PULL THE PLUG!! What? Oh it was a joke.........nevermind.


----------



## dubljay

Bammx2 said:
			
		

> shows how much faith the others have in Mr.Janulis' skill to ACTUALLY believe he could be beat up by a pile of 10 year olds..............
> 
> 
> sheesh


 

 Have you ever taught a kids class???   I usually went home with bruised ribs after teaching the kids class.


----------



## Bammx2

Hey!

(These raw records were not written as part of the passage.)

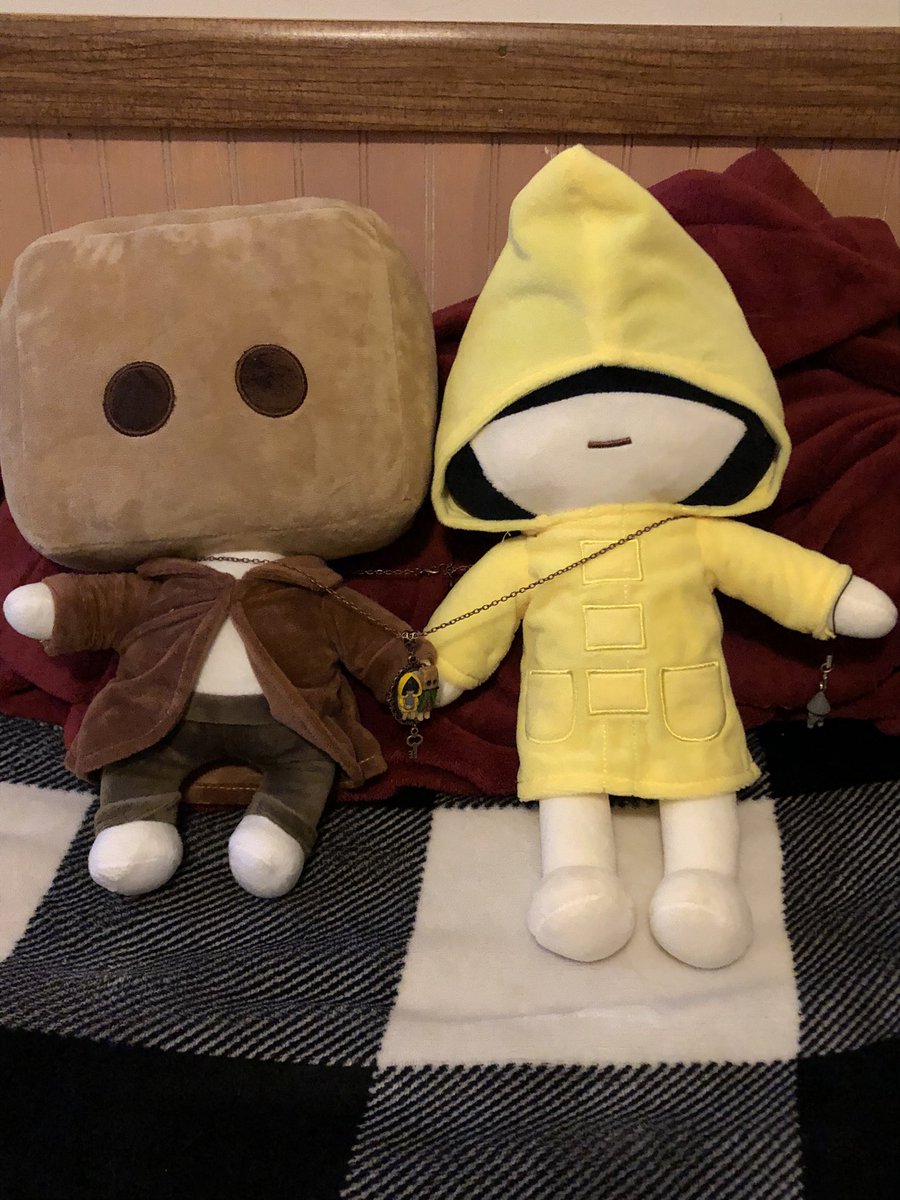 SoulPotato_1's tweet photo. Hi! I hope you are all having a wonderful day or night, I wanted to make a blog about the merchandise that I’ve bought of Little Nightmares. Also I made the same post on Instagram too.

The plushies I bought are from Amazon and the necklace I bought is from Etsy. https://t.co/aVvTgLFrHZ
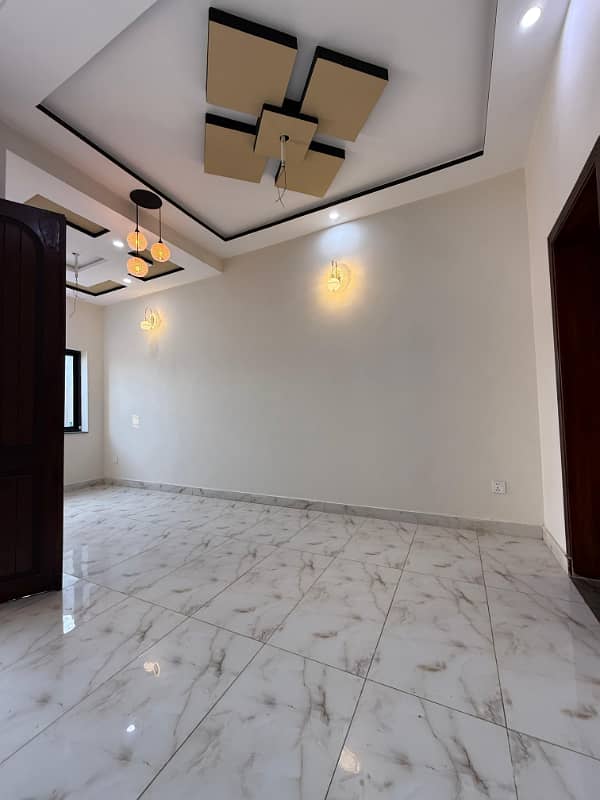 3 Marla Brand Spanish Upper Portion Available For Rent In Al Kabir Town, Phase 2 Raiwand Road Lahore

                                                            alt=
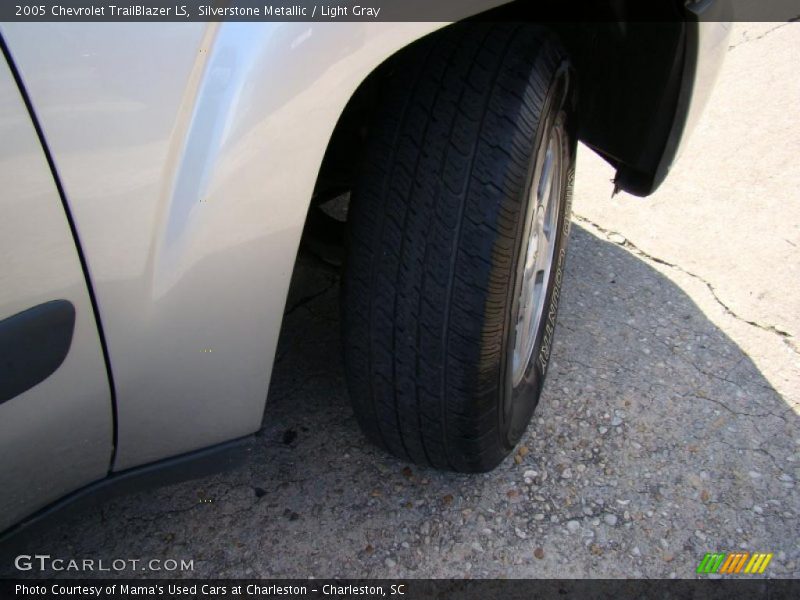Silverstone Metallic / Light Gray 2005 Chevrolet TrailBlazer LS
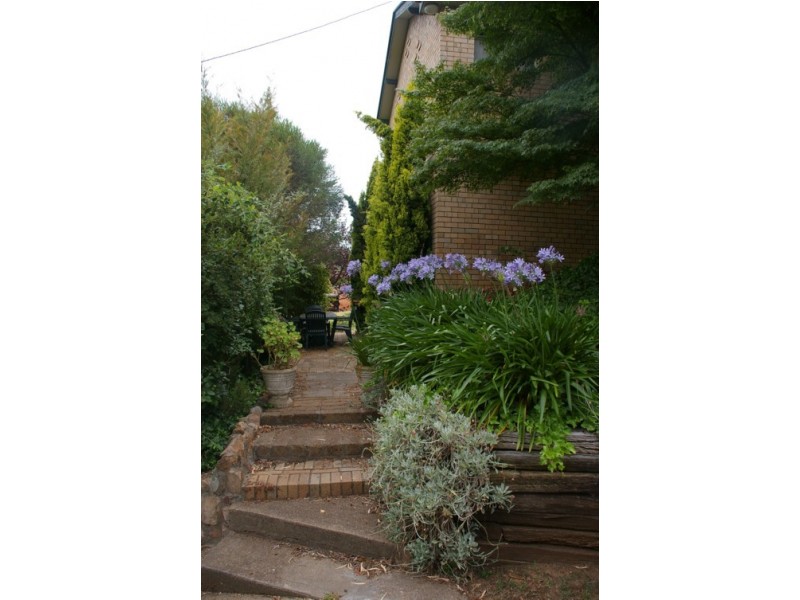 63 Taragala Street, Cowra NSW 2794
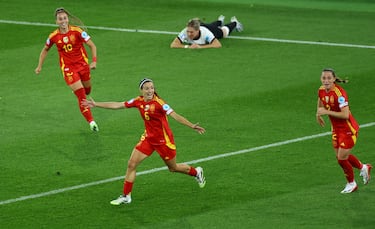 Aitana Bonmatí recibió un pase interior de Athenea, dejó pasar la pelota para romper a Knaak y casi sin ángulo decide soltar el derechazo al palo corto en vez de dar el pase de la muerte. ¡Un gol que ha valido una final!
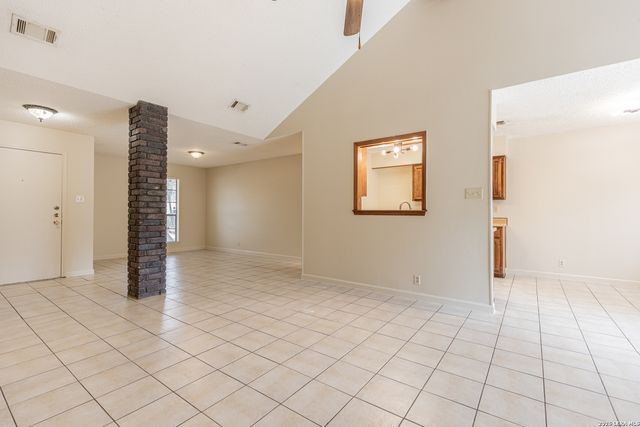 7750 crooked road, San Antonio, TX 78254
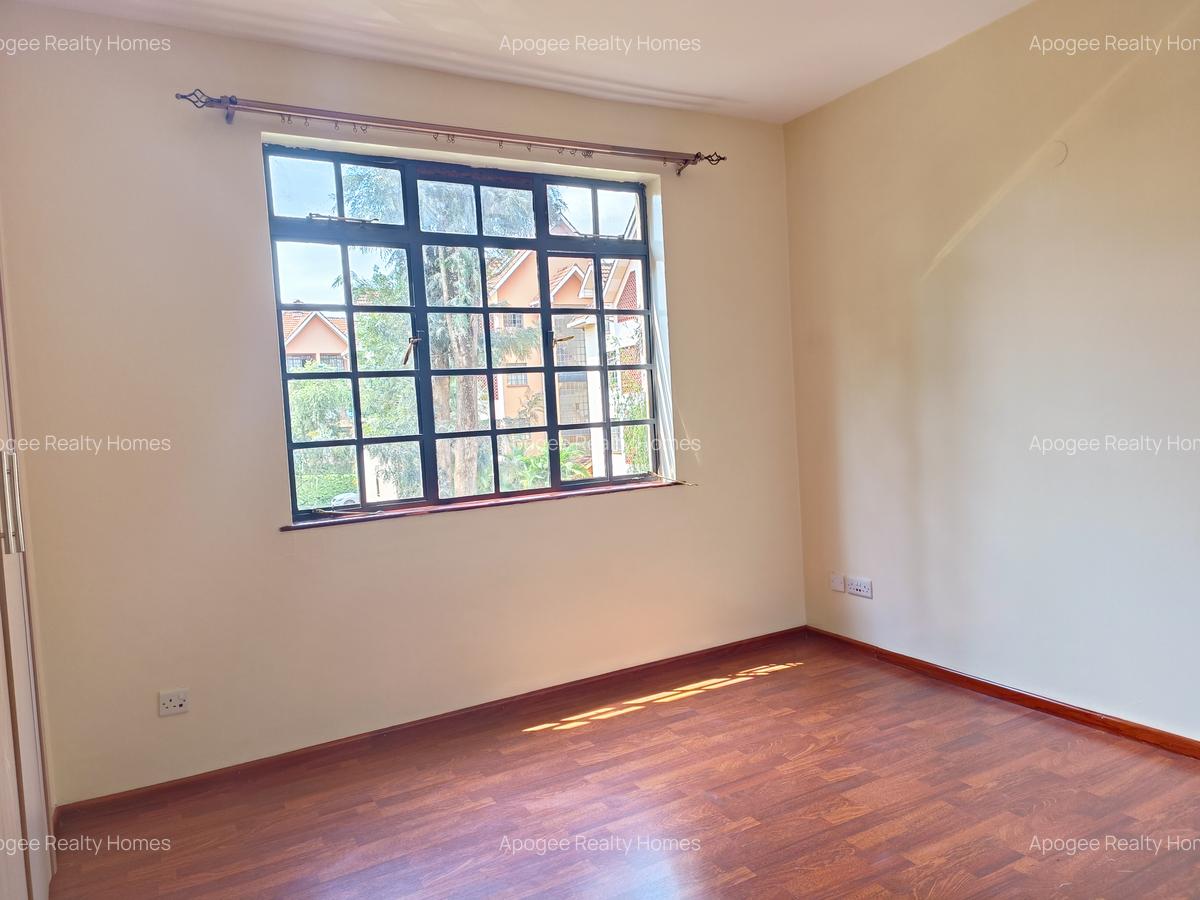 Serviced 2 Bed Apartment with En Suite at Fourways Junction Estate - 11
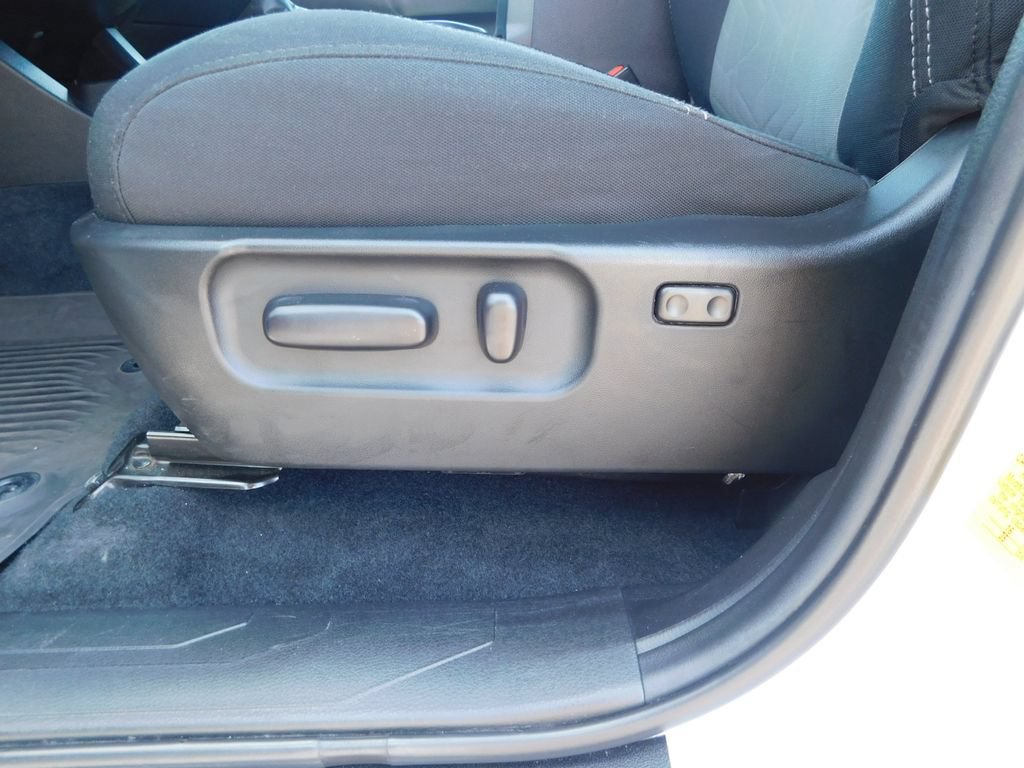 Used 2023 Toyota Tacoma TRD Sport AWD/4WD image 16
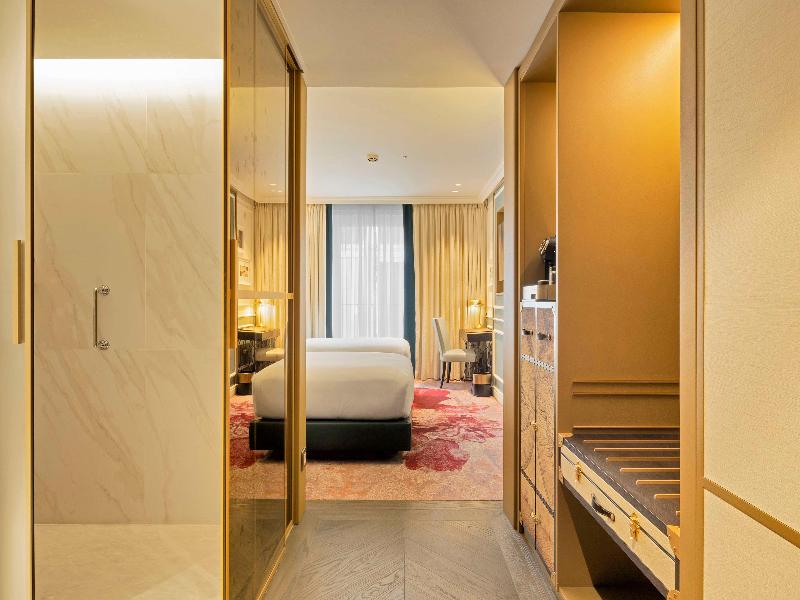 The Emerald House Lisbon, Curio Collection by Hilt - Oda
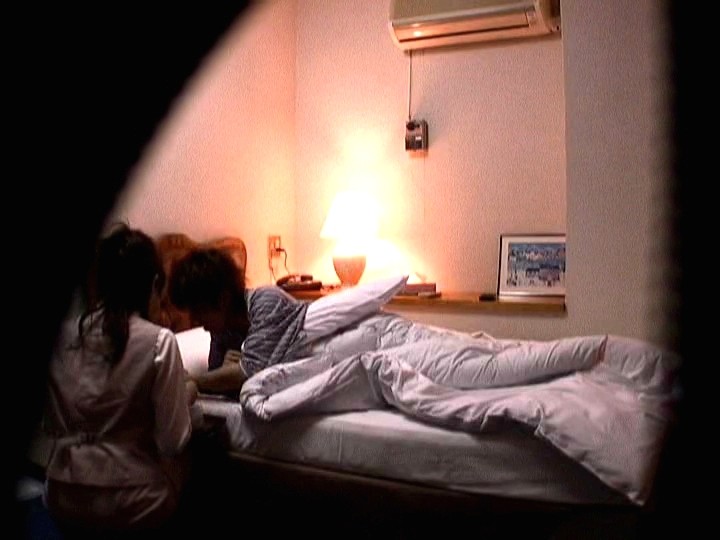 ＜盗撮＞ ビジネスホテル受付嬢を口説いて部屋FUCK盗撮 『FANZA...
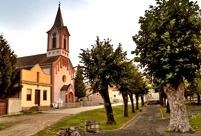 Crkva Sv. Jurja i Marije Kraljice Crkva Sv. Jurja i Marije Kraljice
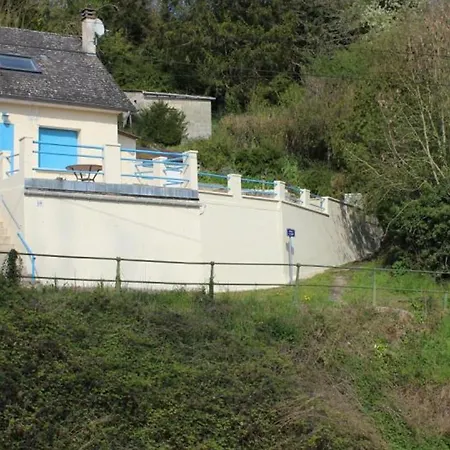 Au Bord De L'eau Avec Terrasse, Cheminee Et Equipements Complets A Lesquielles-st-germain - Fr-1-532-18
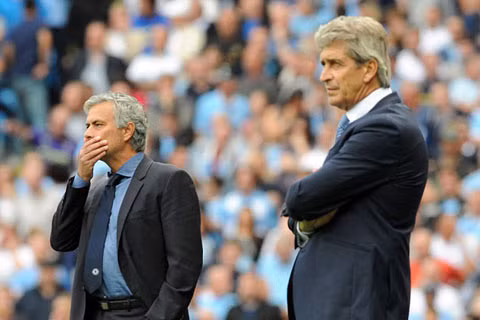 Mourinho (trái) và các cầu thủ Chelsea đã trải qua 90 phút lấm lem trắng bụng.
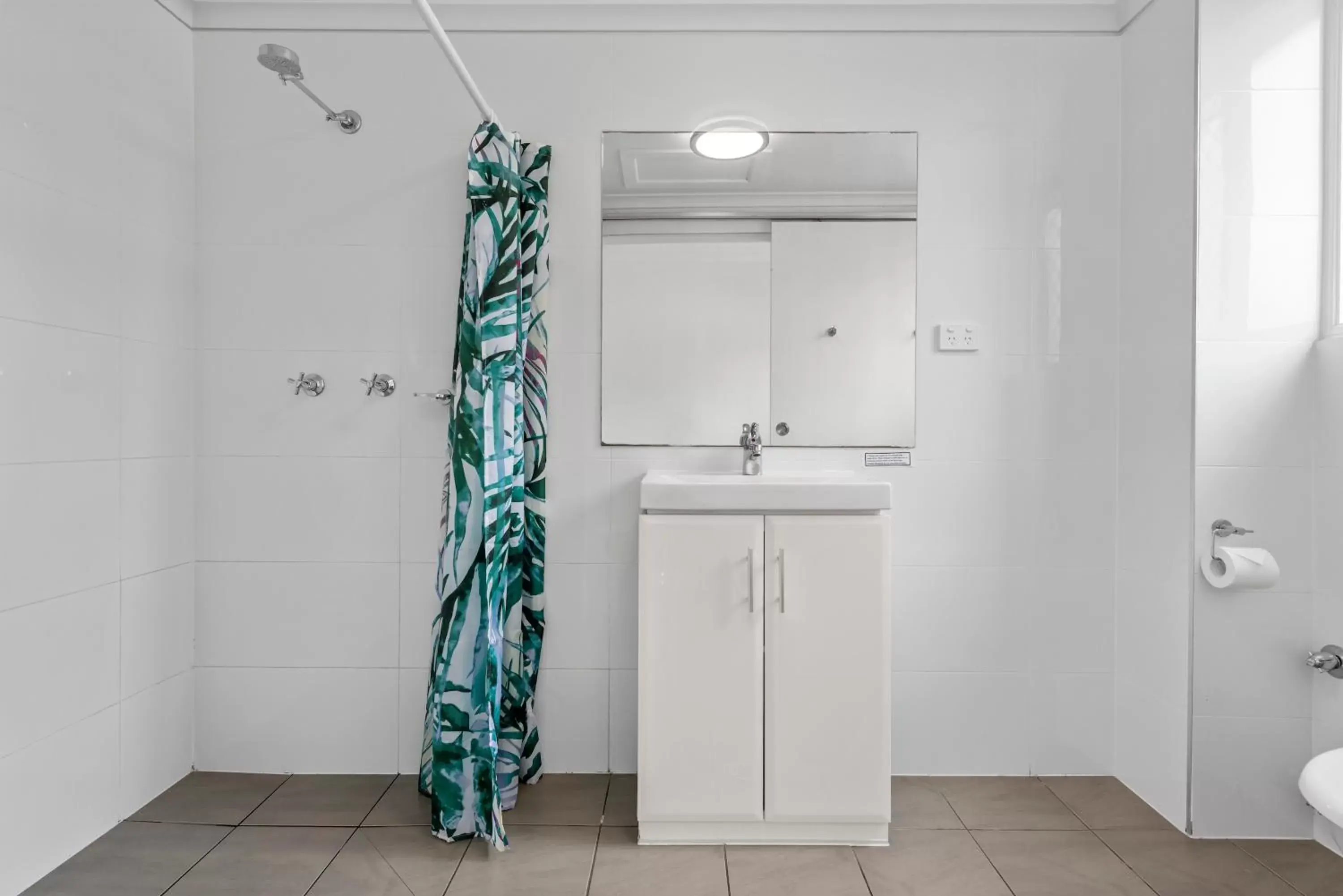 Bathroom in Gold Coast Inn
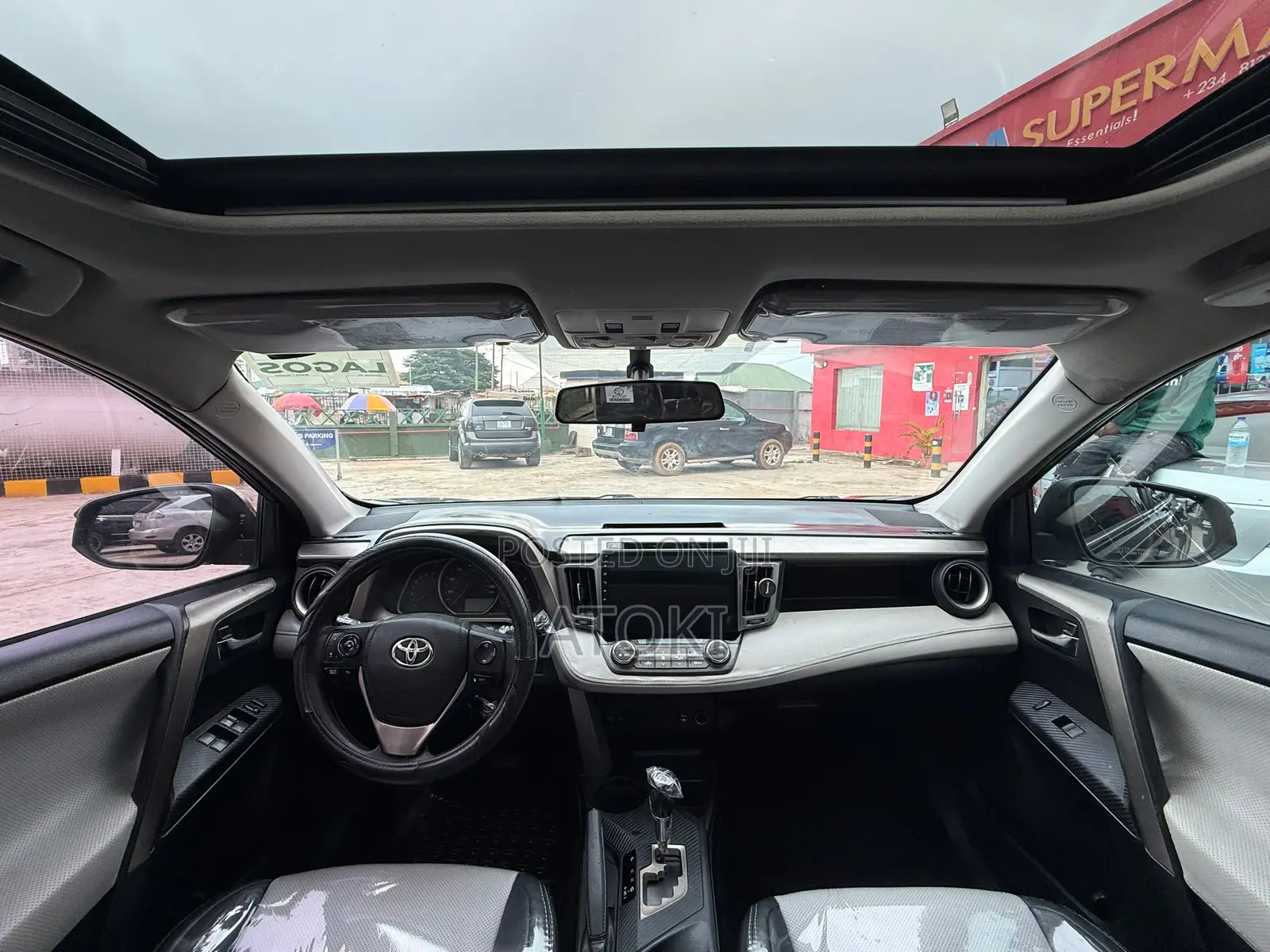 Toyota RAV4 XLE 4dr SUV (2.5L 4cyl 6A) 2015 Black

I was just tryin to get the guy a little slack!

I figured he has the skill to tackle a pile of 10 year olds!

11 year olds..........
hhhmmm..............

I don't teach kids.
 I ran an ice cream stand at a cub scout jamboree once.
 after the machines went down,it became known as the great cub scout inqisition of '83.
It was total chaos!
I'm still scarred.I can't go near a first aid class or a swiss army knife to this very day.
the horror...the horror


----------



## Bob Hubbard

I have to ask aquestion....

He was determined to be in a coma.....how could you tell?


----------



## Tgace

Ohhh that was good.


----------



## Cryozombie

Bammx2 said:
			
		

> shows how much faith the others have in Mr.Janulis' skill to ACTUALLY believe he could be beat up by a pile of 10 year olds..............
> 
> 
> sheesh


Hey... anyone who referes to themselves as "Master of Defense" prolly couldnt take a 10 year old, let alone a pack of them.  Sounds like somthing that should be addressed on Bullshido to me.


----------



## Cruentus

Technopunk said:
			
		

> Hey... anyone who referes to themselves as "Master of Defense" prolly couldnt take a 10 year old, let alone a pack of them.  Sounds like somthing that should be addressed on Bullshido to me.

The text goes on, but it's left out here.